__INPUT DATA__:

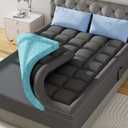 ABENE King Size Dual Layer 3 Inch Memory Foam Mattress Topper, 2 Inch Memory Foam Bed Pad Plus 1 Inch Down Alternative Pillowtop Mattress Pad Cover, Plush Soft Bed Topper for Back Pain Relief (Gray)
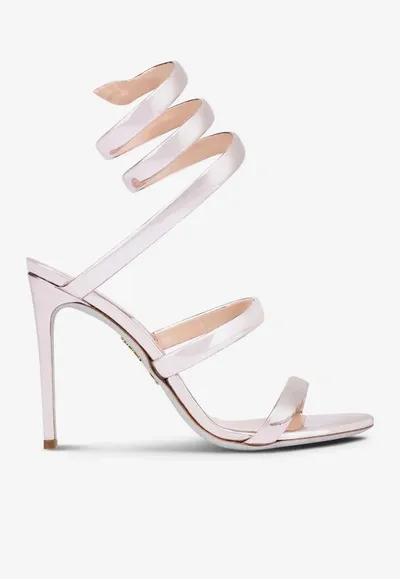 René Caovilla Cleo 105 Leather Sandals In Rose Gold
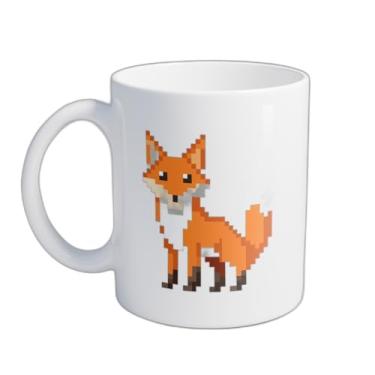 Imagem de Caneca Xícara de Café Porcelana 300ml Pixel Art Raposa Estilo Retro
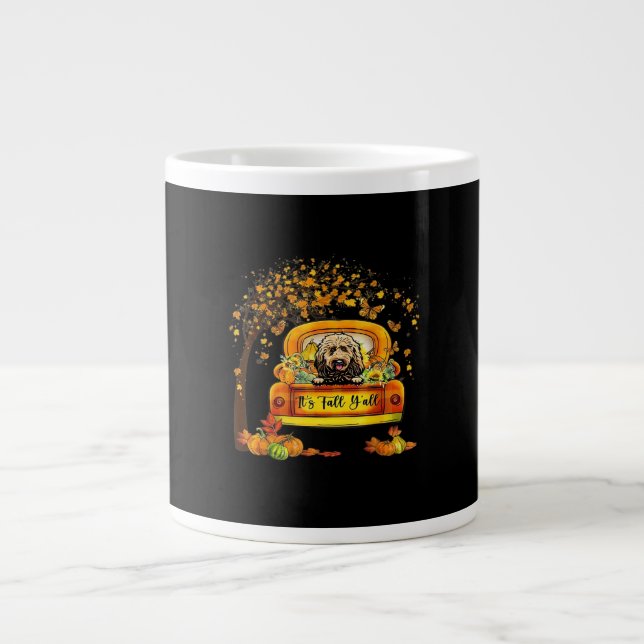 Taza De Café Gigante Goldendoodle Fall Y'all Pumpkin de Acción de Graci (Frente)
--
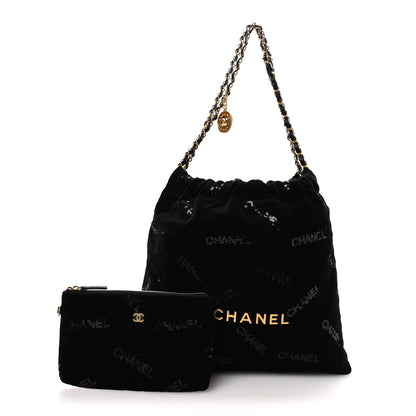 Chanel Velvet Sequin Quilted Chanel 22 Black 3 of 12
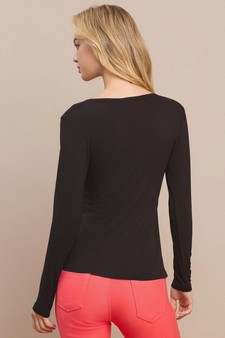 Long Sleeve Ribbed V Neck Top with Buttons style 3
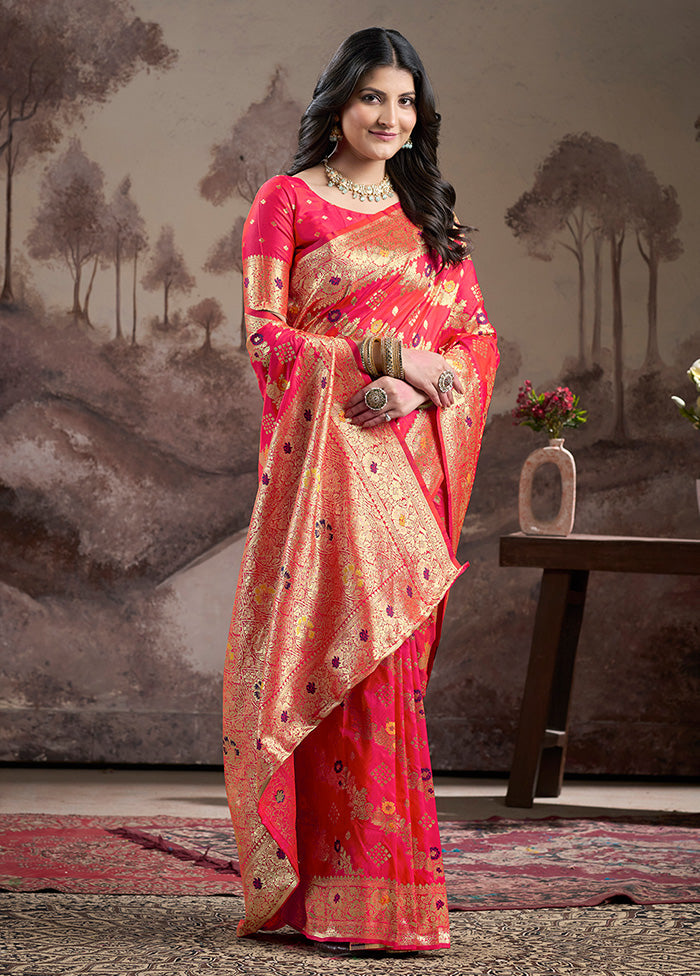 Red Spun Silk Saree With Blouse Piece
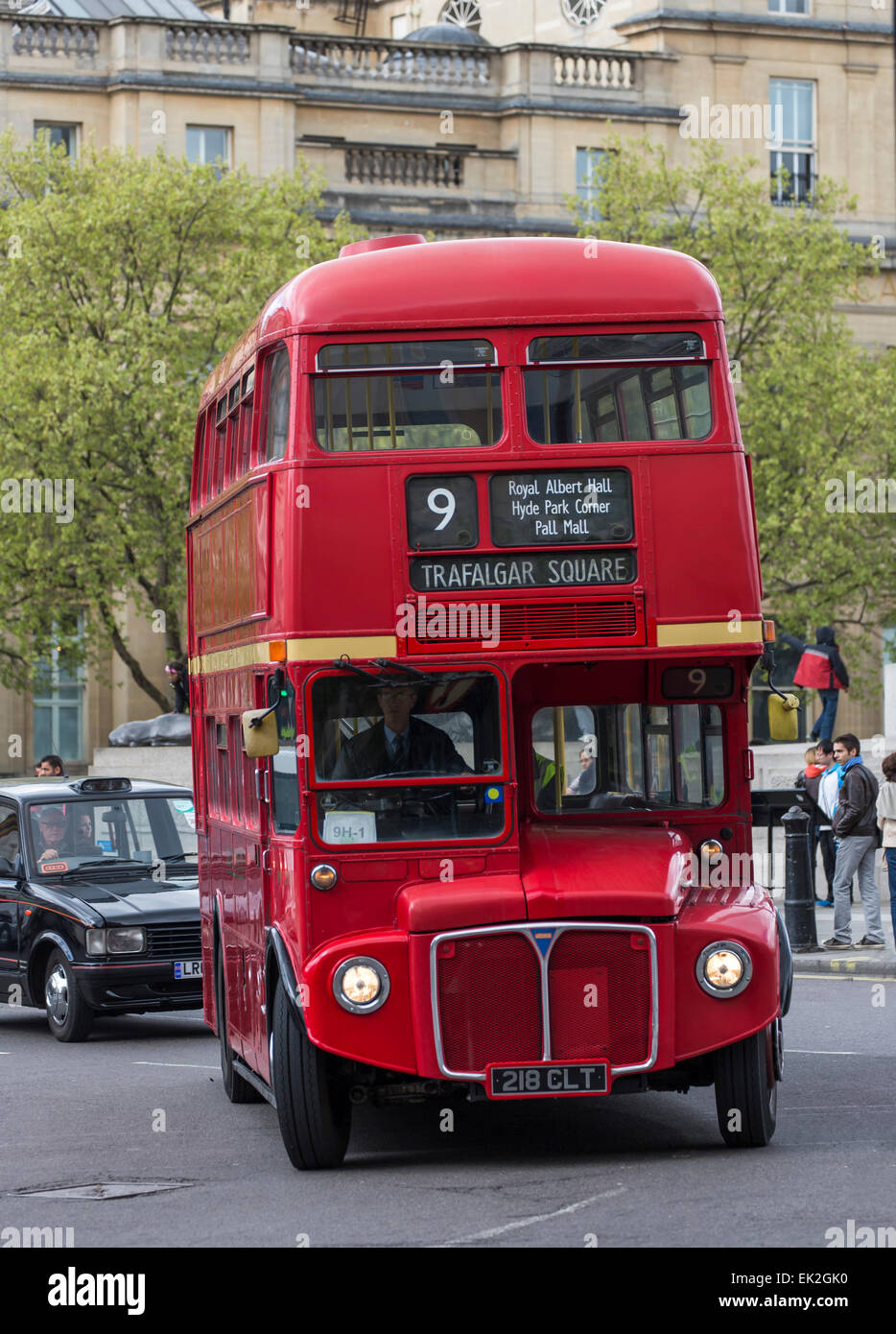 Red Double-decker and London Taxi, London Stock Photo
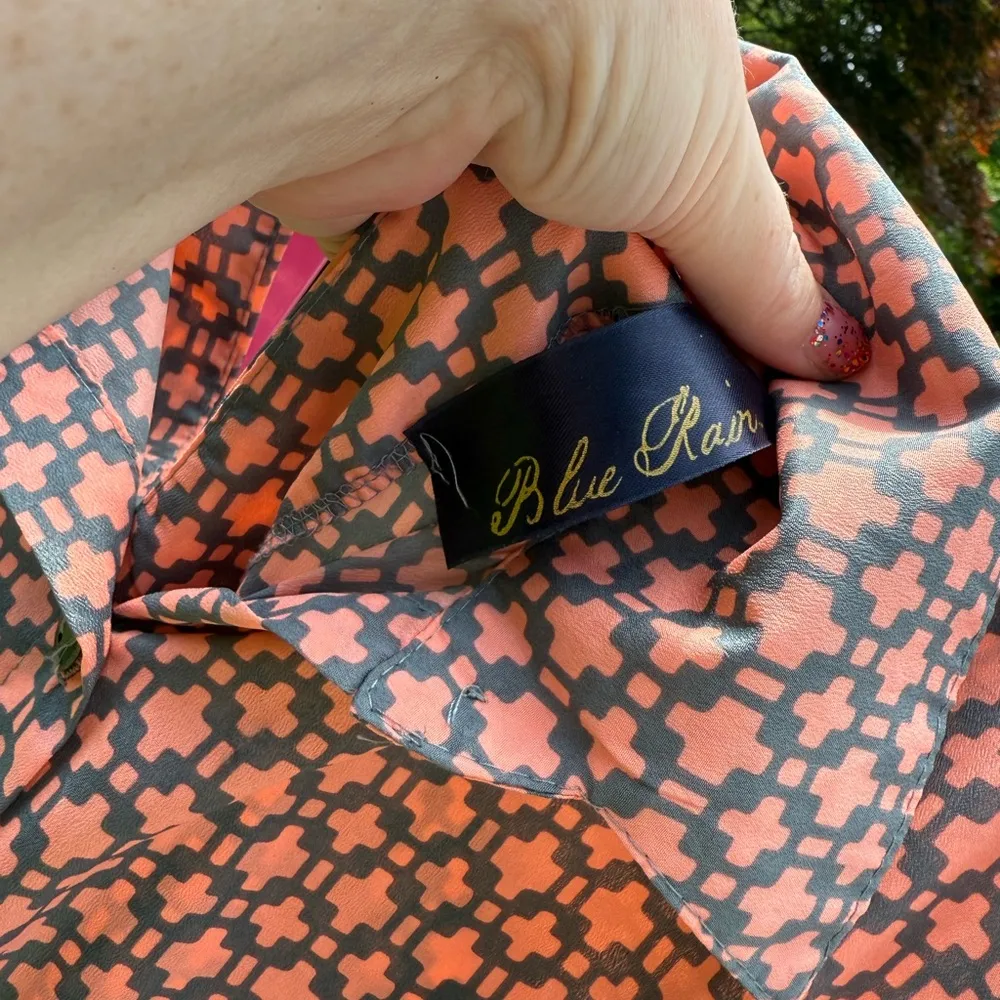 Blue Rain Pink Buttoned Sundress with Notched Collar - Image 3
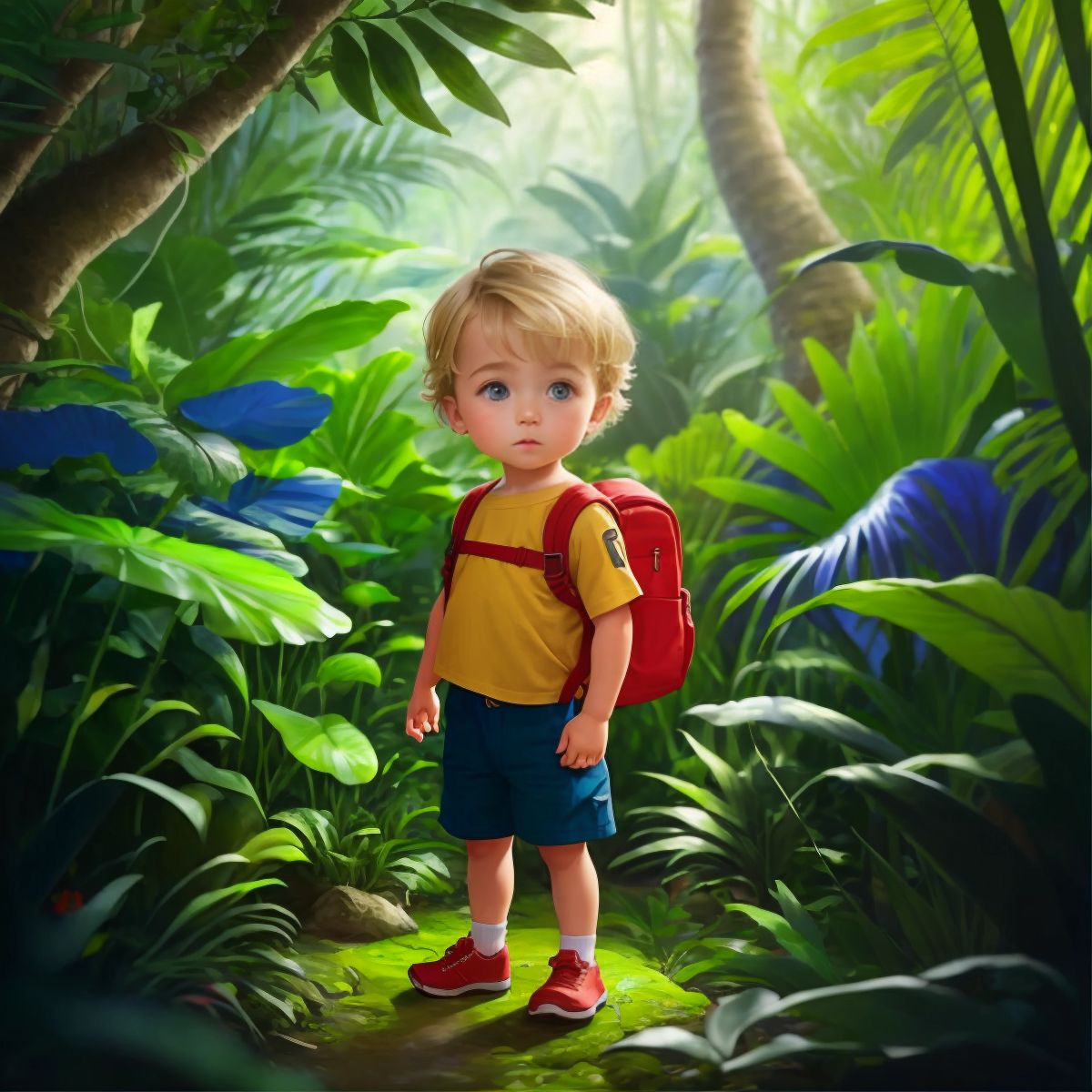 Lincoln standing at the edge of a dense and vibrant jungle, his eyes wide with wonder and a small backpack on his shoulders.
* * *
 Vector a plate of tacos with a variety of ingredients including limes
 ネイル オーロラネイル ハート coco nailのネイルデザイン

__EXERCISE BRIEF__: Retype the lines above exactly as they appear, from the line containing "Red Spun Silk Saree With Blouse Piece" through the line containing "Lincoln standing at", and leave out any pictures.

__WRITTEN ANSWER__:
 Red Spun Silk Saree With Blouse Piece
 Red Double-decker and London Taxi, London Stock Photo
 Blue Rain Pink Buttoned Sundress with Notched Collar - Image 3
 Lincoln standing at the edge of a dense and vibrant jungle, his eyes wide with wonder and a small backpack on his shoulders.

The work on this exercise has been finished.